21 November 2016, 10:41
David Mellor: The future of Germany and France for the next few years is suddenly a lot clearer - and it could be very good news for Britain and Brexit.
The shape of the new EU became more apparent this weekend, with François Fillon well ahead in the race to become the centre right candidate for the French Presidency (effectively the next President), and Angela Merkel announcing she will indeed stand again for Chancellor in next year’s German elections.
The defeat of the ghastly ex-President Sarkozy, a strutting turkey cock with nothing to commend him beyond blind ambition, is good news for Britain as well as for France. Here is a man who would play any card to secure support and abusing “Les Rosbif” alongside Muslim women, was as good as it got from him.
But the apparent defeat, to be confirmed next Sunday, of Alain Juppé is equally good news.
Juppé too, though an alleged moderate, was not above playing the anti-Brit card, threatening to move border controls from Calais to Dover, thereby showing little or no appreciation that it’s not our fault that a lot of people turn up in France wanting to come here, and, for whatever reason, don’t want to stay in France.
At 71, with a Hilary Clinton-like murky background, which involved a suspended sentence in 2004 for putting party workers on the public payroll in Paris, Juppé is as stale as last week’s croissant and as smelly as an over-ripe Camembert.
Fillon, above, who almost won outright yesterday, will surely beat Juppé next weekend. And, as an admirer of Margaret Thatcher, with a Welsh wife and a longstanding reputation as an Anglophile, he’s surely someone we can do business with.
And at 62 he isn’t totally clapped out, unlike the other two.

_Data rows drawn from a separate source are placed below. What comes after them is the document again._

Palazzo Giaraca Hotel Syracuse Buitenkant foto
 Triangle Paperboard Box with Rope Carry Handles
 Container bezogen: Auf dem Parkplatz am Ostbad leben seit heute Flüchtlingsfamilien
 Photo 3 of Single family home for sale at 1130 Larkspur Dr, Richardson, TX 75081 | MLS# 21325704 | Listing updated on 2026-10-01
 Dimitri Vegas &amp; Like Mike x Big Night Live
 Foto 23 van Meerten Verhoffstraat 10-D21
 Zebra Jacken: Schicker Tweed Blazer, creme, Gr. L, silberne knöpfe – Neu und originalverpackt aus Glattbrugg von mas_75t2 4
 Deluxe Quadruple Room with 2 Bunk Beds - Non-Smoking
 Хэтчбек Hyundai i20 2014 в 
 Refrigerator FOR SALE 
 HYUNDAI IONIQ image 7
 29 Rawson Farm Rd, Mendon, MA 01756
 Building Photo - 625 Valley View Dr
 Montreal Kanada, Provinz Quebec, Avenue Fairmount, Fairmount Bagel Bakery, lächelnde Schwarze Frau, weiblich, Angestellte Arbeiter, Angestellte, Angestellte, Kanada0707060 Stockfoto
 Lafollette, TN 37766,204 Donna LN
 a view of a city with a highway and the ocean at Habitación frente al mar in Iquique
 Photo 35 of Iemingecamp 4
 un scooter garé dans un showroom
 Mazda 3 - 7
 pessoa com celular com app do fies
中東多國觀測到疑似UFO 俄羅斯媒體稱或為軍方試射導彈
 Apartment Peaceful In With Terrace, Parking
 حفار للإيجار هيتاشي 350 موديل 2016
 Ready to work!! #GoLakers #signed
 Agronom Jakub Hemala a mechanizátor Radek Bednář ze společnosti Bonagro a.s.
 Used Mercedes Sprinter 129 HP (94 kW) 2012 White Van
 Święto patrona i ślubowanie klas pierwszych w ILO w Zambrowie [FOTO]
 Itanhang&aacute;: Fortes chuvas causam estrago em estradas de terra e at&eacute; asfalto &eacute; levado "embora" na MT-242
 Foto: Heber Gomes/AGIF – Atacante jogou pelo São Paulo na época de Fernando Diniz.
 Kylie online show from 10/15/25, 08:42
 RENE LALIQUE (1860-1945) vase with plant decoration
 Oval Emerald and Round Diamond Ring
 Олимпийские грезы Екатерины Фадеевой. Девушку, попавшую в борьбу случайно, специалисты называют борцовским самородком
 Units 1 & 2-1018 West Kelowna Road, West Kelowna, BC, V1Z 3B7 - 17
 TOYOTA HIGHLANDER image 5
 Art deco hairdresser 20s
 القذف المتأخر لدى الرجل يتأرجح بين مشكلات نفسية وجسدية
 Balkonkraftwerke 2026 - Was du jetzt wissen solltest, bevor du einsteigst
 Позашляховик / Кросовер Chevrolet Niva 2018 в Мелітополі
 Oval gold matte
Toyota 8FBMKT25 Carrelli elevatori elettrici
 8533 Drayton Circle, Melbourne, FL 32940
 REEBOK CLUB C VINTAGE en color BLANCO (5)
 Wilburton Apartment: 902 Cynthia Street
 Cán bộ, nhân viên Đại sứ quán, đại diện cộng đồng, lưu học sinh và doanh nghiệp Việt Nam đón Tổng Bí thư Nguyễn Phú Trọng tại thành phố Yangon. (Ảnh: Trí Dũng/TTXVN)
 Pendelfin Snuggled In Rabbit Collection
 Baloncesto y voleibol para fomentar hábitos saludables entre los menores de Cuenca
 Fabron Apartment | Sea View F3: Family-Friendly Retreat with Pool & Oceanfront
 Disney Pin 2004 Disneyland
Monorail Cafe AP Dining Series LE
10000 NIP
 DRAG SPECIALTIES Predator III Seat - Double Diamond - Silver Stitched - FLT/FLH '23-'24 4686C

Merkel’s announcement is based on polling evidence that despite her massive pratfall over migration, she can still win. This is as much a sign of the dearth of credible alternatives, than any commendation of Merkel herself. But she’s good for Britain because, she can, if she chooses, sort out Brexit, either by making us an offer we can’t refuse, (something I have always thought likely in the fullness of time), or ensure the terms for exit are not too damaging.
Because of course terms that are ruinous for Britain would also be damaging to Germany, our major trading partner, which owns a huge slice of the British economy.
She’s too sensible to want to form the circular firing squad so desired by the dreadful Mr Juncker. With a fresh mandate, she will surely find the political will to exert herself, beginning with forcing Juncker’s resignation someone she didn’t really want in that key job anyway.
The huffing and puffing of President Hollande can now safely be ignored. He is still apparently wondering whether to run, but a Sarkozy type humiliation is all that awaits him if he does.
In recent weeks our Brexit team has looked a bit shambolic but they can take heart from this weekend’s events. A decent deal, whether to leave, or to stay on much improved terms, can now be seen, albeit through a glass, darkly.